The material below holds pictures, which are to be left out; copy exactly the lines from the one with "단지 주변으로 광교호수공원이" through the one with "Sequin /Midara/ #160".

Segment Open

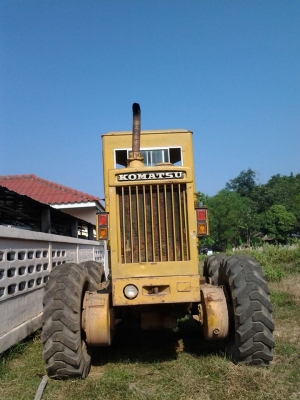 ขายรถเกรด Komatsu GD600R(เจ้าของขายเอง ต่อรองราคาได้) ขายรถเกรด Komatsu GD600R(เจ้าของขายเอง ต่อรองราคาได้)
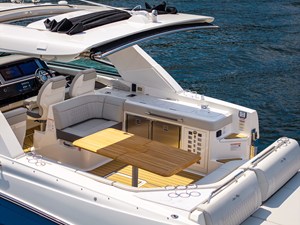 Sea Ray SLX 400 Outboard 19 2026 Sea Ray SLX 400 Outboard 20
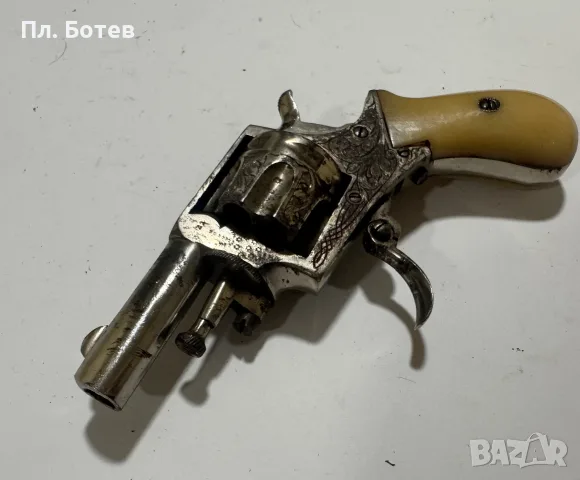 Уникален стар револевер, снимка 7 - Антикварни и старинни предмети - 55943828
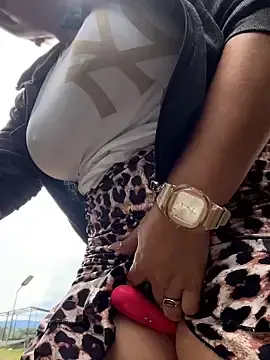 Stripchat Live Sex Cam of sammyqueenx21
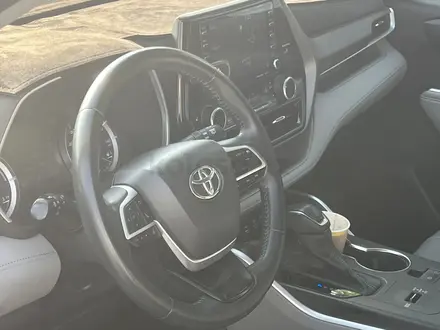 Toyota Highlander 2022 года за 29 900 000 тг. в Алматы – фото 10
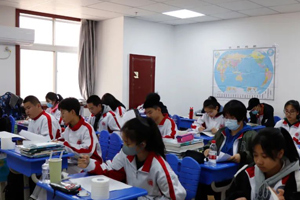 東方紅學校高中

Segment Closed
Segment Open

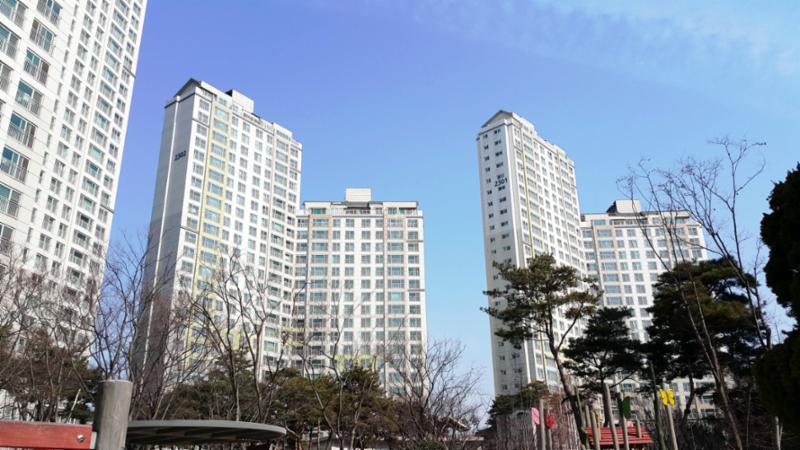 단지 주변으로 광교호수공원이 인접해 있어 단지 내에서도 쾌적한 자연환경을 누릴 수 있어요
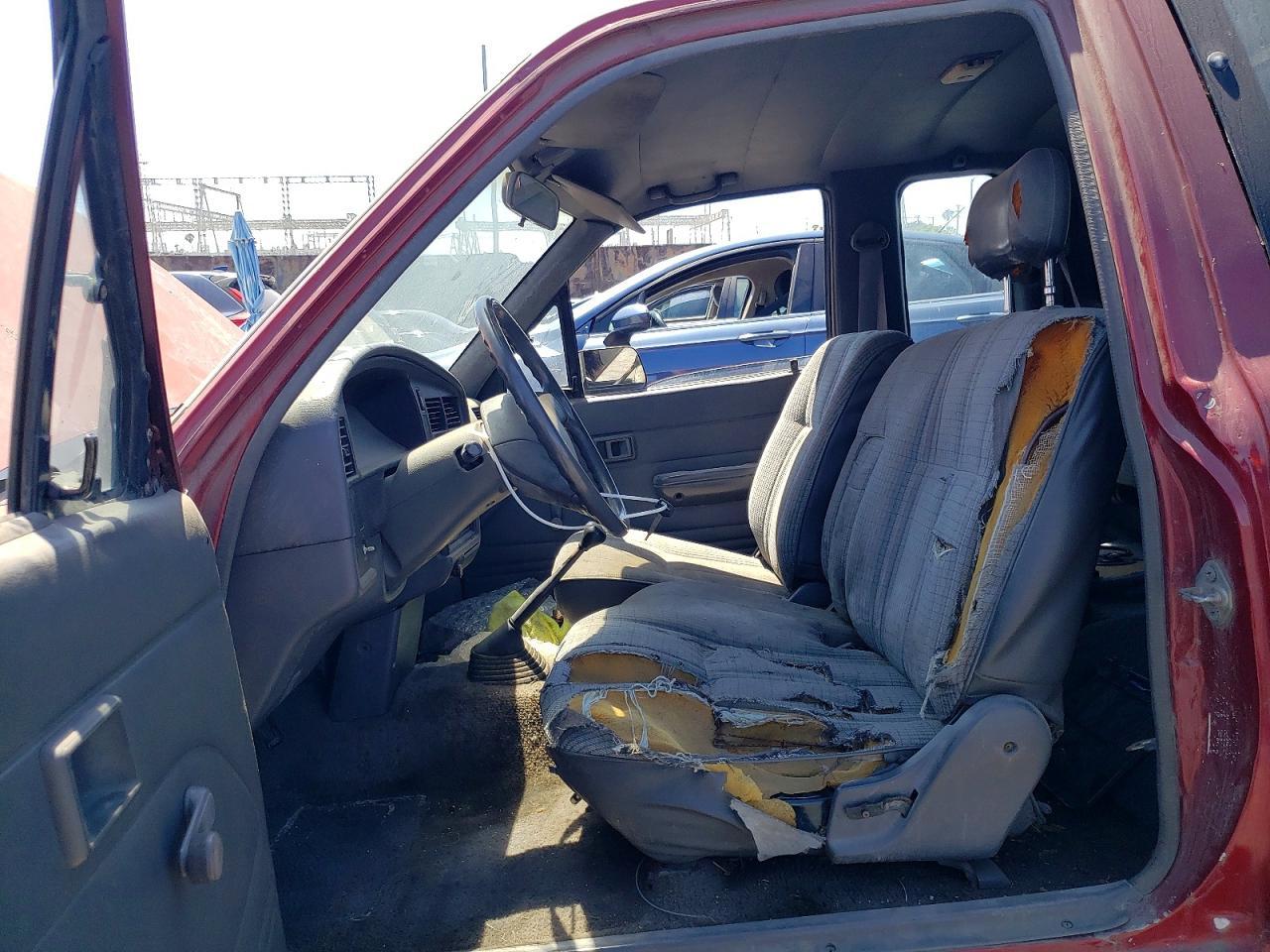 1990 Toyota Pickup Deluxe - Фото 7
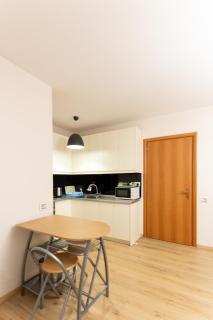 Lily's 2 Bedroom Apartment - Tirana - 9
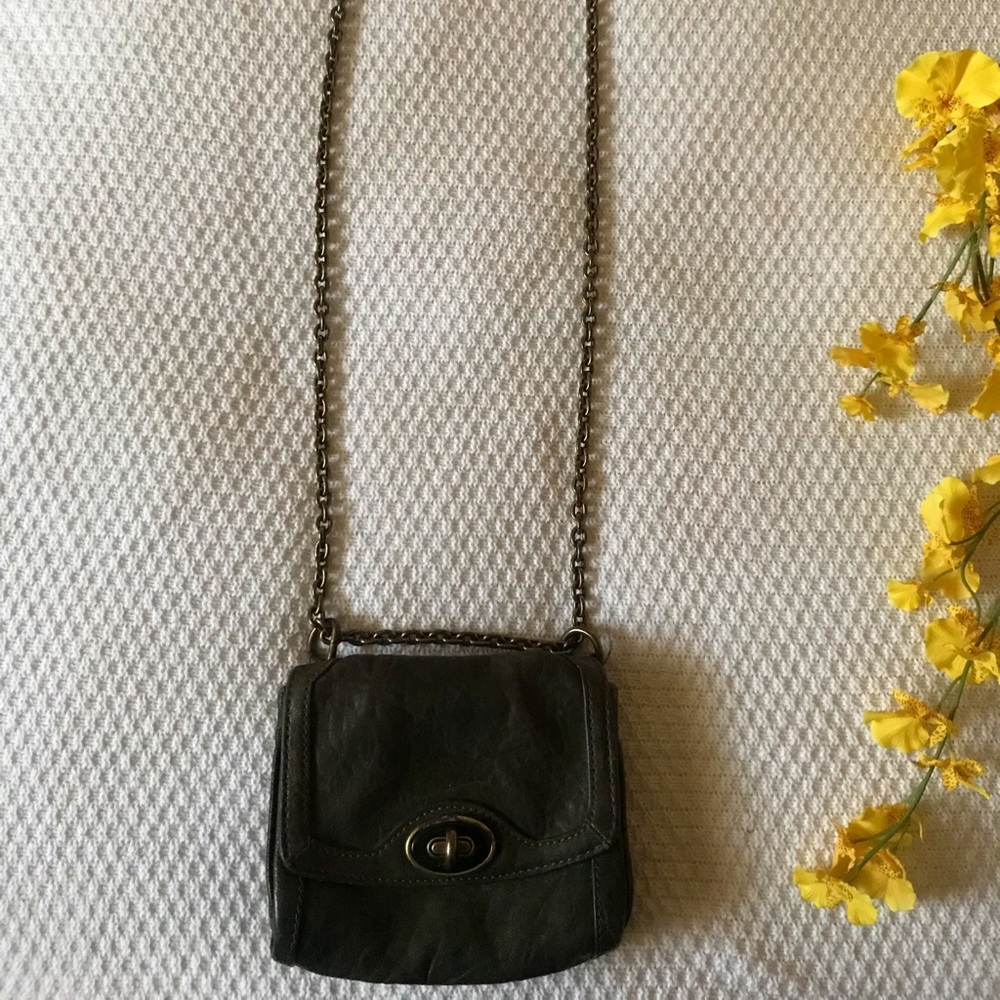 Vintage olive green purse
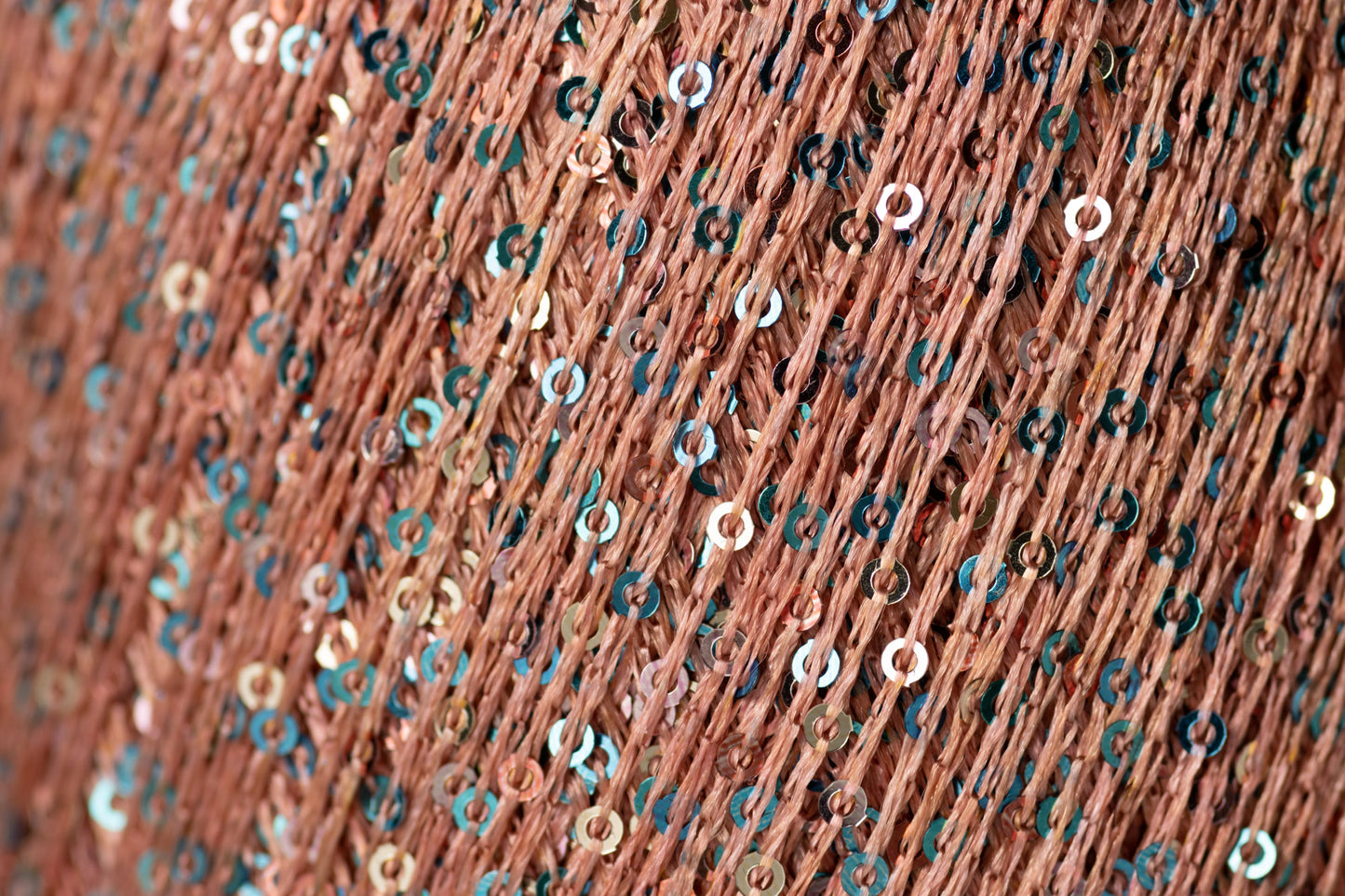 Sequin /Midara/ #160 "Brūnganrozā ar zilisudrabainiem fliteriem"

Segment Closed

### Output
 단지 주변으로 광교호수공원이 인접해 있어 단지 내에서도 쾌적한 자연환경을 누릴 수 있어요
 1990 Toyota Pickup Deluxe - Фото 7
 Lily's 2 Bedroom Apartment - Tirana - 9
 Vintage olive green purse
 Sequin /Midara/ #160 "Brūnganrozā ar zilisudrabainiem fliteriem"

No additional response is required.